[Records from a collection]
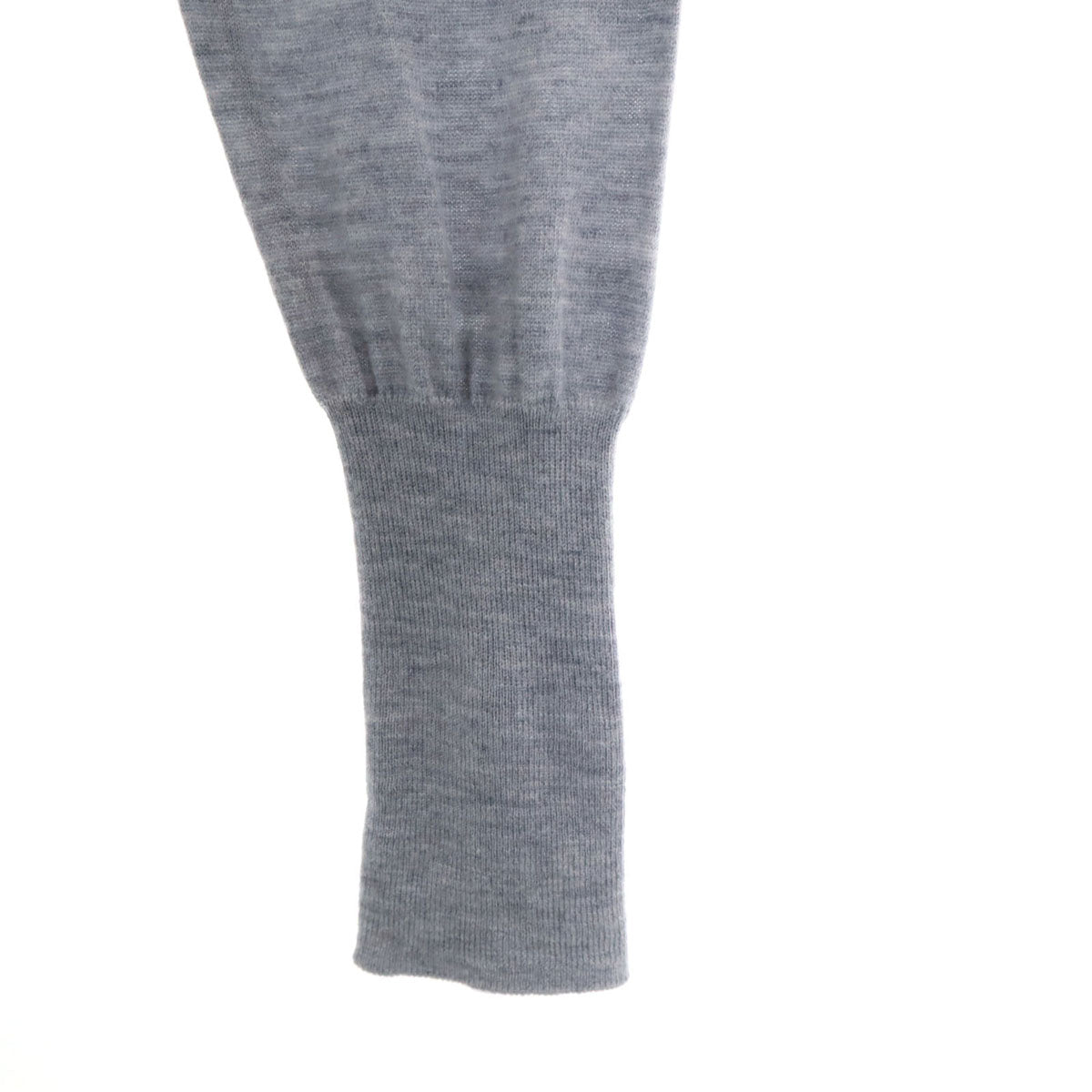 VENERTA KNITWEAR ヴェネルタニットウェア 長袖 ニット 2 グレー セーター レディース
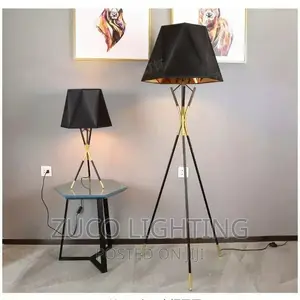 Modern Luxury Creative LED Floor Lamp
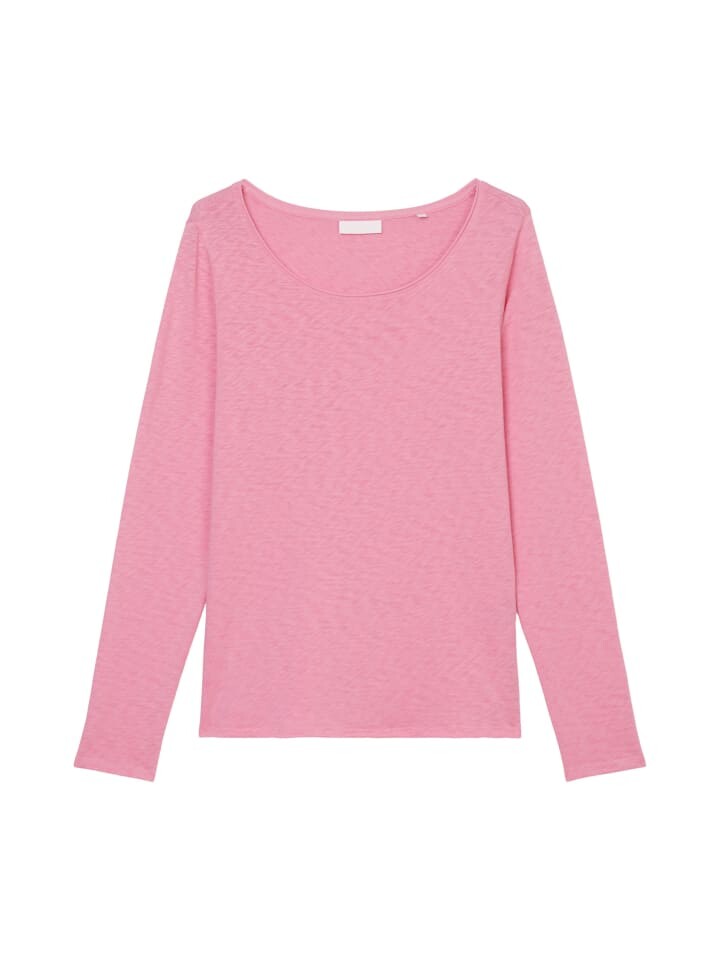 

Футболка Marc O'Polo DENIM DfC Longsleeve regular, цвет mellow rose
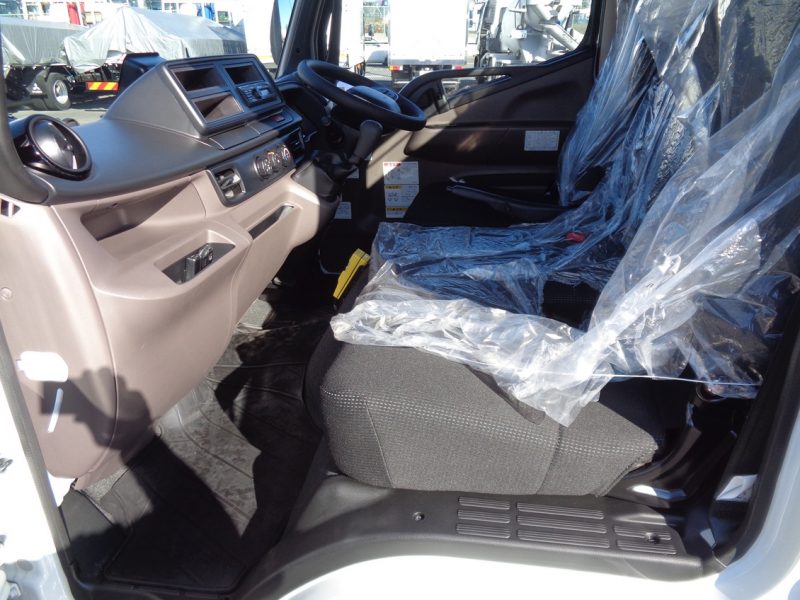 三菱 小型トラック アームロール3t 画像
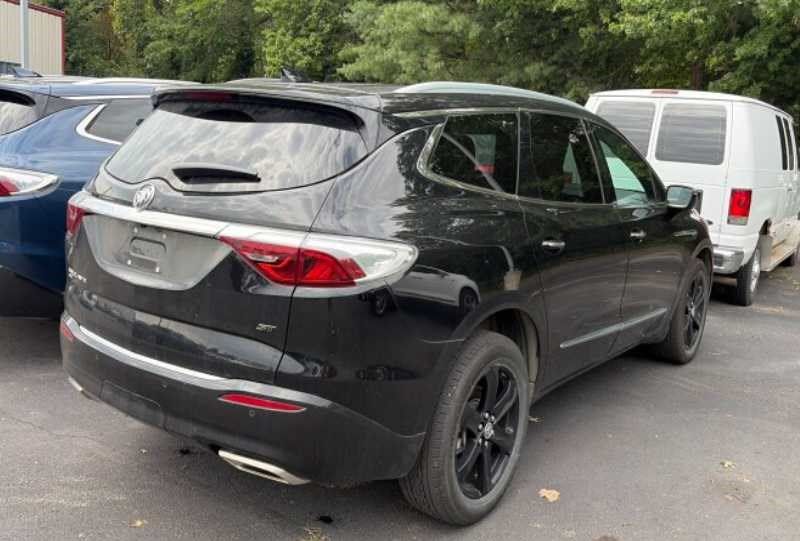 Used 2023 Buick Enclave Essence w/ Experience Buick Package AWD/4WD image 5
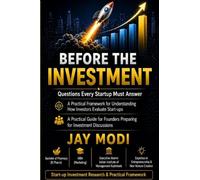 Before the Investment: Questions Every Startup Must Answer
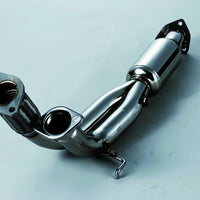 SPOON SPORTS 2 IN 1 EXHAUST MANIFOLD HONDA INTEGRA DC5, CIVIC EP3 TYPE R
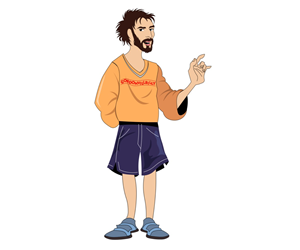 Diseño de Personaje por branding2biz para este proyecto | Diseño: #29181347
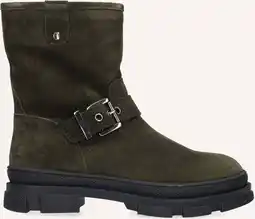 Wehkamp Ton & Ton Boots Lunt Groen aanbieding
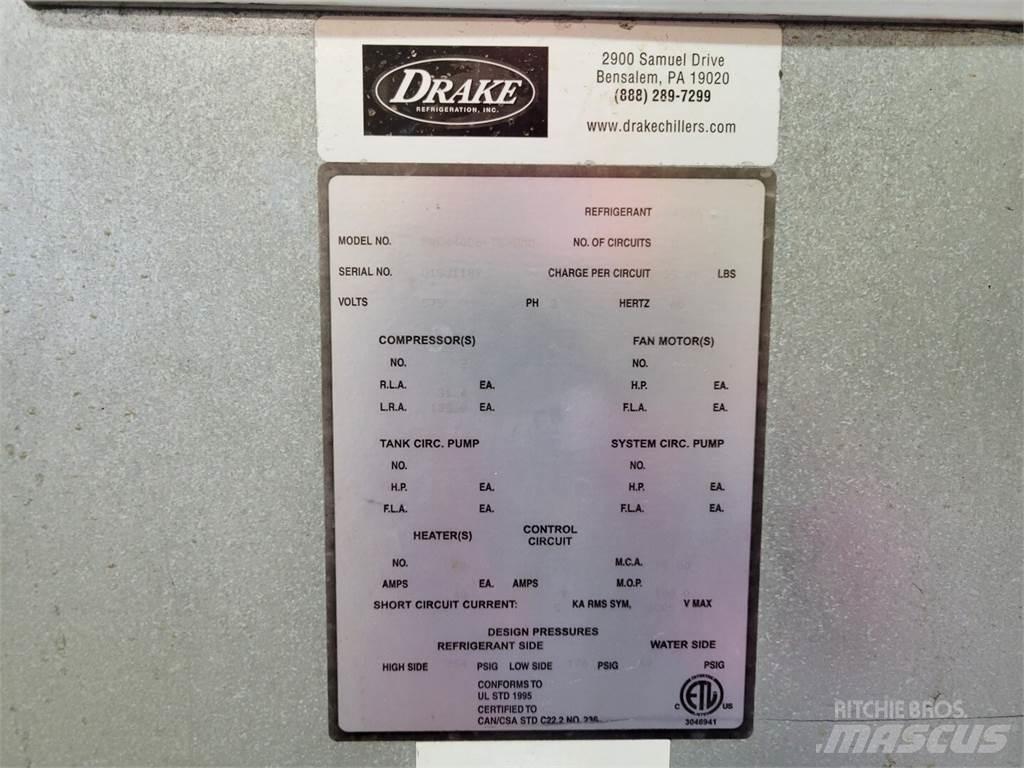  DRAKE PWC440D6-T5-SMM Оборудване за отопление и размразяване
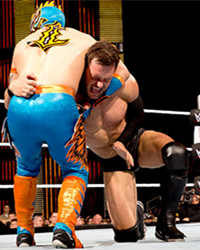 WWE NXT 2015.09.10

(WHAT THE EXERCISE ASKS): This calls for each record above to be set down exactly, with the images skipped.

(OUTPUT):
 VENERTA KNITWEAR ヴェネルタニットウェア 長袖 ニット 2 グレー セーター レディース
 Modern Luxury Creative LED Floor Lamp

Футболка Marc O'Polo DENIM DfC Longsleeve regular, цвет mellow rose
 三菱 小型トラック アームロール3t 画像
 Used 2023 Buick Enclave Essence w/ Experience Buick Package AWD/4WD image 5
 Before the Investment: Questions Every Startup Must Answer
 SPOON SPORTS 2 IN 1 EXHAUST MANIFOLD HONDA INTEGRA DC5, CIVIC EP3 TYPE R
 Diseño de Personaje por branding2biz para este proyecto | Diseño: #29181347
 Wehkamp Ton & Ton Boots Lunt Groen aanbieding
  DRAKE PWC440D6-T5-SMM Оборудване за отопление и размразяване
 WWE NXT 2015.09.10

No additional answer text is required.